Aller voir « Callas en hologramme » tient-il de la blague ? On y va en souriant : que peut-on espérer de toute façon ? Rien de peut ressusciter Callas l’immortelle, sa voix divine au timbre si particulier, sa présence scénique dont il ne reste que témoignages et vidéos pâles. En s’asseyant sous les dorures du Coliseum de Londres, les spectateurs venus dimanche voir chanter Maria Callas peuvent plaisanter : « au moins cette Callas-là ne fera pas de caprices de diva ! » Le noir se fait et elle arrive depuis les coulisses. Est-ce un fantôme ? Réaliser l’hologramme de Maria Callas est une idée folle proposée par la société américaine Base Hologram qui réalise des images virtuelles d’une qualité impressionnante. La Callas entre en scène en souriant, faisant bouger les plis de sa robe blanche, plus vraie que nature.

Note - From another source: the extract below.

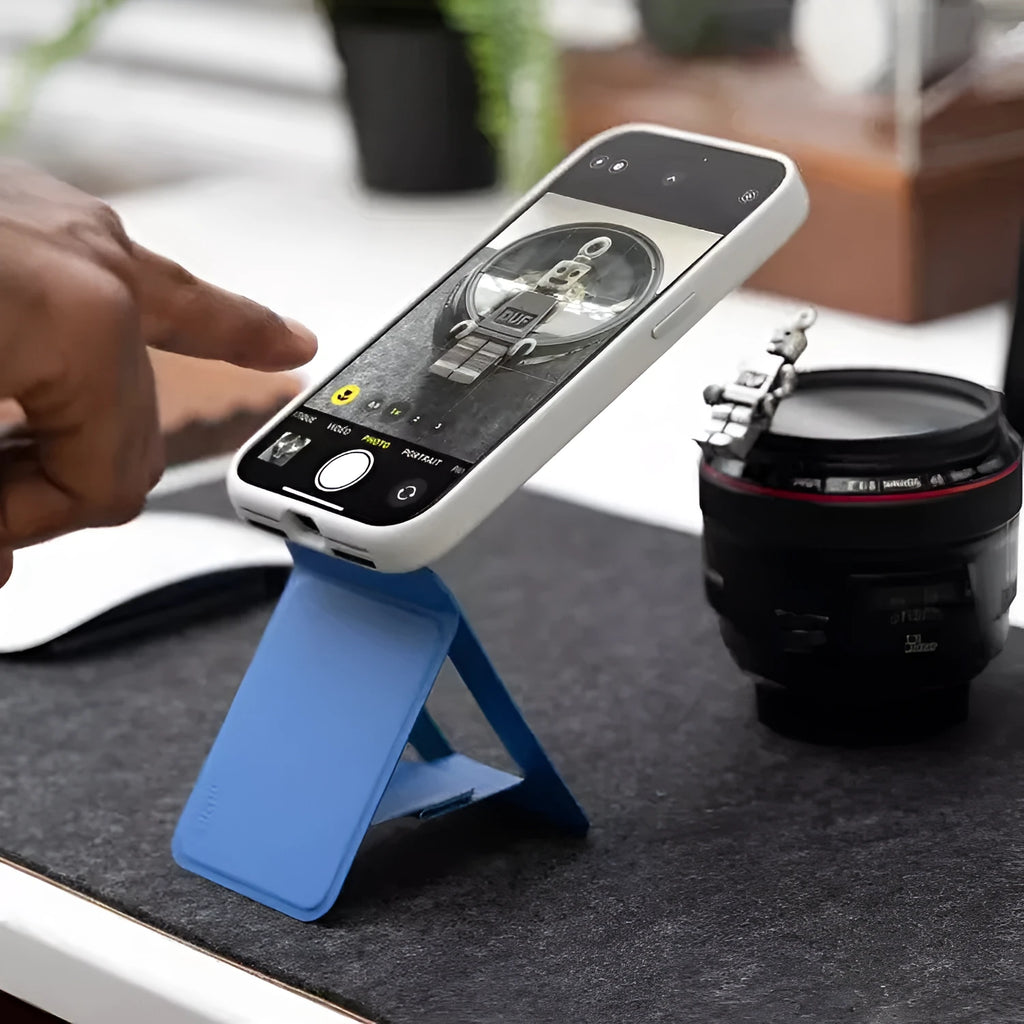Black magnetic mobile phone case with integrated kickstand deployed, showing slim profile and leather finish.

Entourée d’une cinquantaine de musiciens, la diva morte à Paris en 1977 interprète ses grands airs : Carmen, Tosca, La Wally. Elle fait un signe à Eimear Noone, la chef d’orchestre. Les hauts-parleurs lancent les fameux enregistrements qui ont fait sa gloire. Le mélange entre le virtuel et le réel est très harmonieux. Seul défaut de cette première londonienne : le son. Le son de l’orchestre présent au Coliseum était capté en frontal et retransmis sur de grosses enceintes de type concert de rock. Ce son grossier est douloureux à nos chères oreilles habituées à la captation France Musique ou Arte qui utilisent plusieurs micros posés dans l’orchestre, et à des auditoriums qui utilisent rarement de sonorisation mais, quand c’est le cas, le font le plus discrètement possible. Ce défaut, on pourra facilement le corriger.Il faudra aussi penser que quand Maria Callas se retourne, sa voix aussi doit partir dans l’autre sens !

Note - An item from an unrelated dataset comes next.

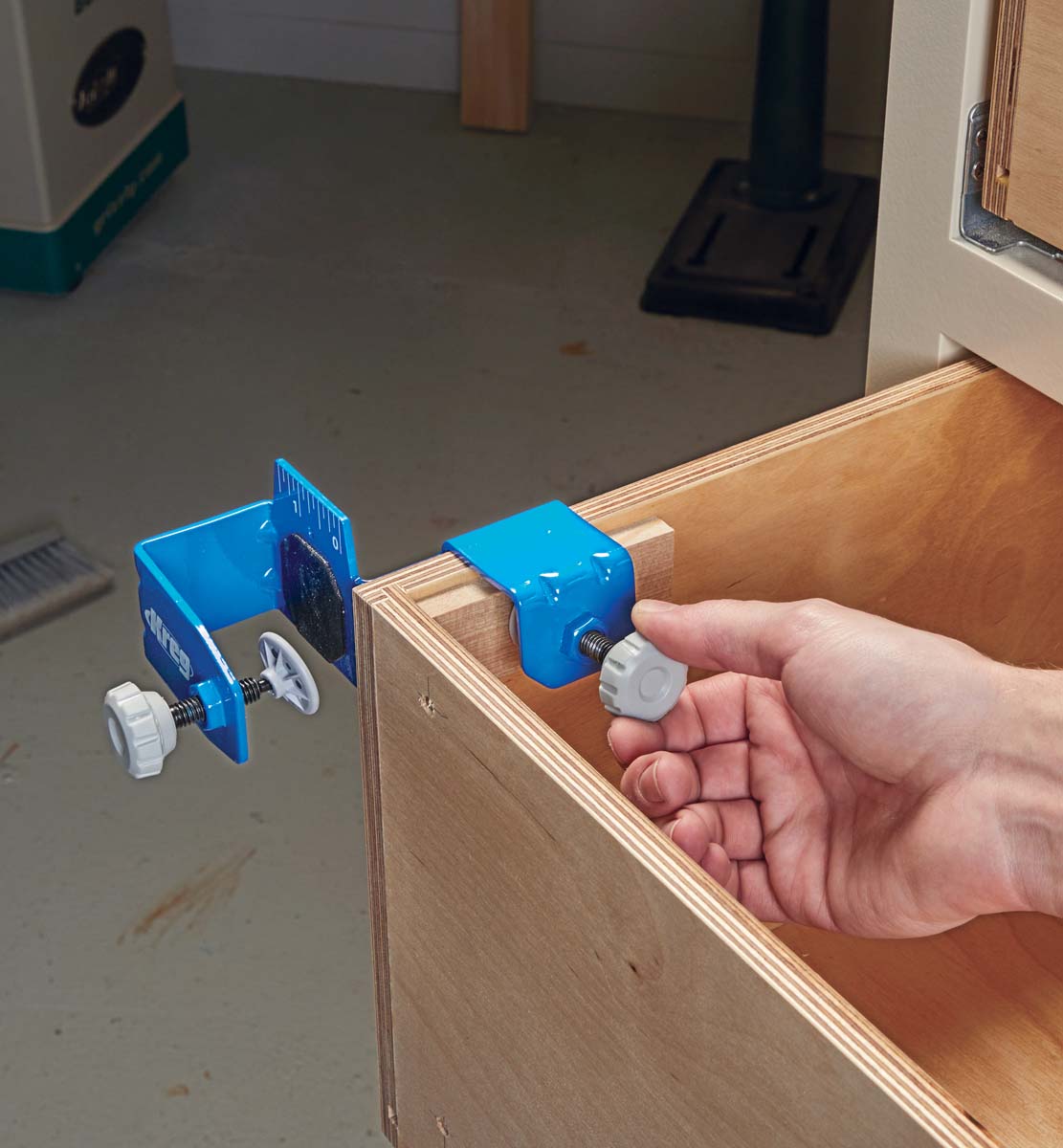 using inner clamp to secure side of drawer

Néanmoins, L’émotion est forte. Le son est familier et toujours aussi beau, l’image en 4K est d’une précision photographique : le cerveau fait le travail d’association et laisse l’illusion opérer. Le spectacle qui se présente à nos yeux est extraordinaire. La plupart des spectateurs ne connaissent de La Callas que des vidéos en noir et blanc. La Diva assoluta, la diva absolue, est là, en haute définition, sa présence légendaire et sa voix unique à nouveau réunit. « Nous avons reconstruit une image la plus authentique qui soit, explique Marty Tudor le PDG de Base Hologram qui s’est entouré de spécialistes de l’opéra. Les détails techniques sont secret défense, ou presque : « tout ce que je peux dire est que nous utilisons un projecteur de type militaire ». La réalité augmentée appliquée au spectacle vivant ne fait que commencer.

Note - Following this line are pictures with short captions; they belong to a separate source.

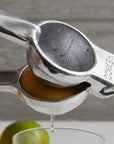 Close-up of the Faire Aluminum Hand Juicer squeezing a lemon, juice dripping into a glass beneath. Blurred in the background are a lime and part of a yellow citrus fruit, illustrating ideal lemon and lime extraction.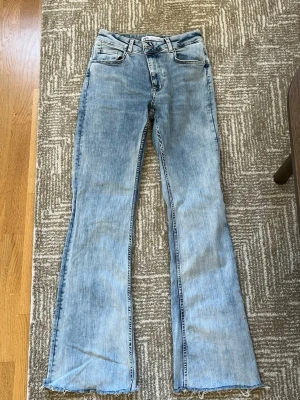 Ljusblå bootcut jeans från Zara - Säljer ett par ljusblå bootcut jeans från Zara med råa, fransiga benslut och klassisk femficksmodell. Perfekta för dig som gillar retrostil och vill ha ett par unika jeans.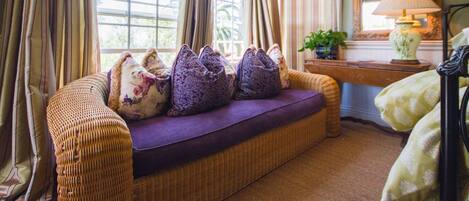 A cozy room with a wicker sofa, a wooden desk, and a large mirror.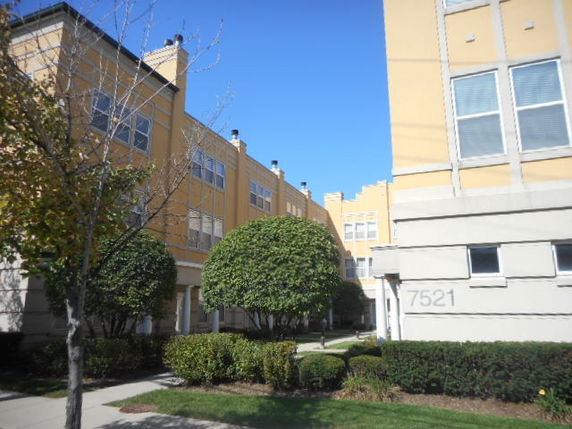 Front view of an apartment complex with yellow exterior and multiple windows.
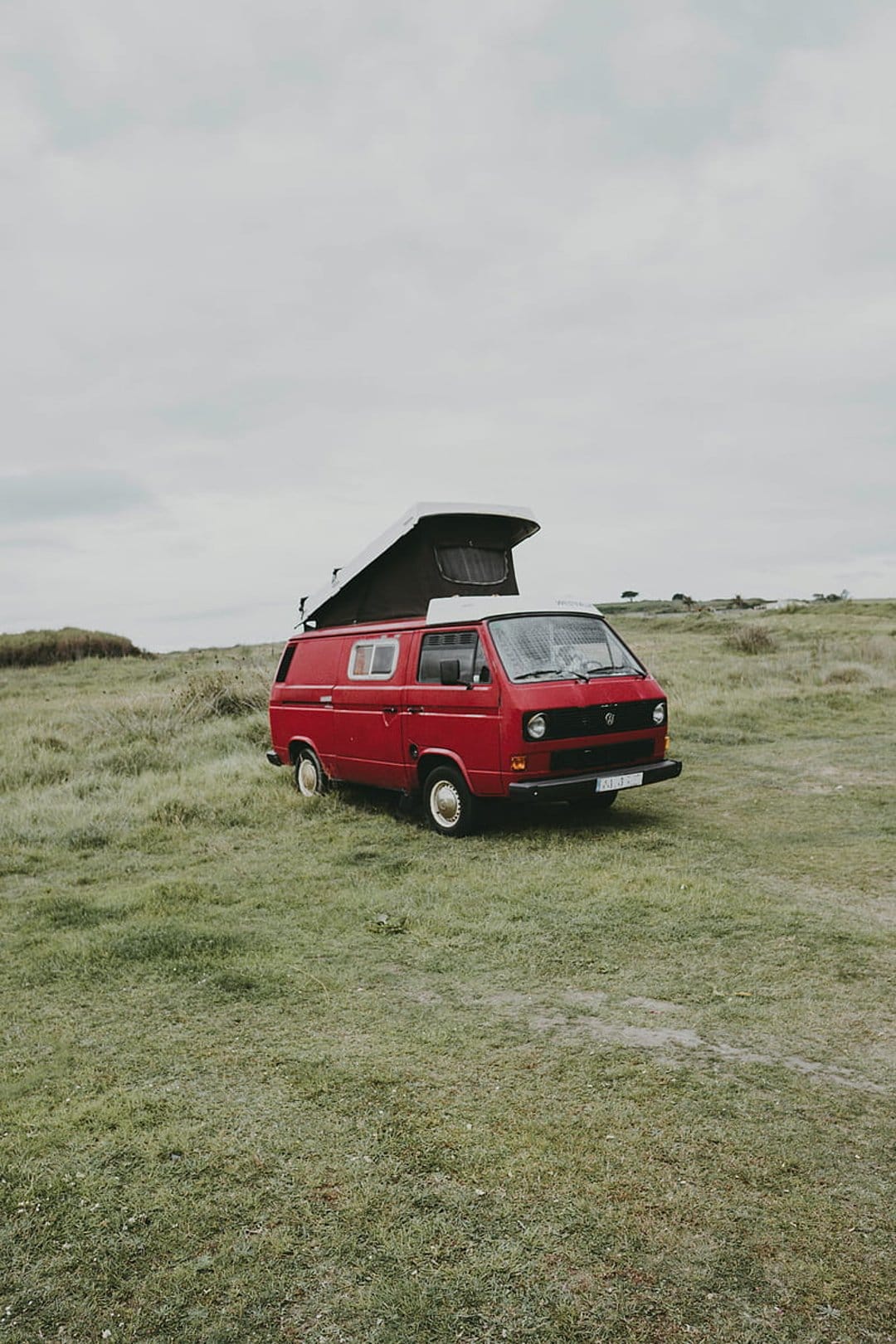 Red vintage camper van with a pop-top roof parked in a vast green field under a cloudy, overcast sky.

« Maria Callas en hologramme » est un vrai show avec ses effets, son rythme, ses moments drôles même : Maria fait un signe pour stopper les applaudissements du public. Ou lors des saluts quand la diva fait apparaître dans sa main une rose rouge… avant de disparaître comme un nuage de fumée. « Si je ne savais pas qu’elle était morte, confie une jeune spectatrice londonienne, j’aurais pu croire que c’était elle. » Quel amateur de classique n’a jamais regretté de n’avoir voir pu voir Dietrich Fischer-Dieskau, Vladimir Horowitz ou Jacqueline Dupré ? En hologramme ou au disque, l’idéalisation du passé ne garde t’elle pas toujours un côté morbide ? Base Hologram va appliquer sa technologie à d’autres stars et annonce un prochain « Hologram tour » avec Amy Winehouse. Pour les autres, il suffit de rêver : Michael Jackson ? Elvis ? Menuhin ?

Le 28 et 30 novembre, Salle Pleyel. 42 à 110 €. Le 1er décembre a Lyon. 24,50 à 95 €. Disque du concert édité chez Warner Classics.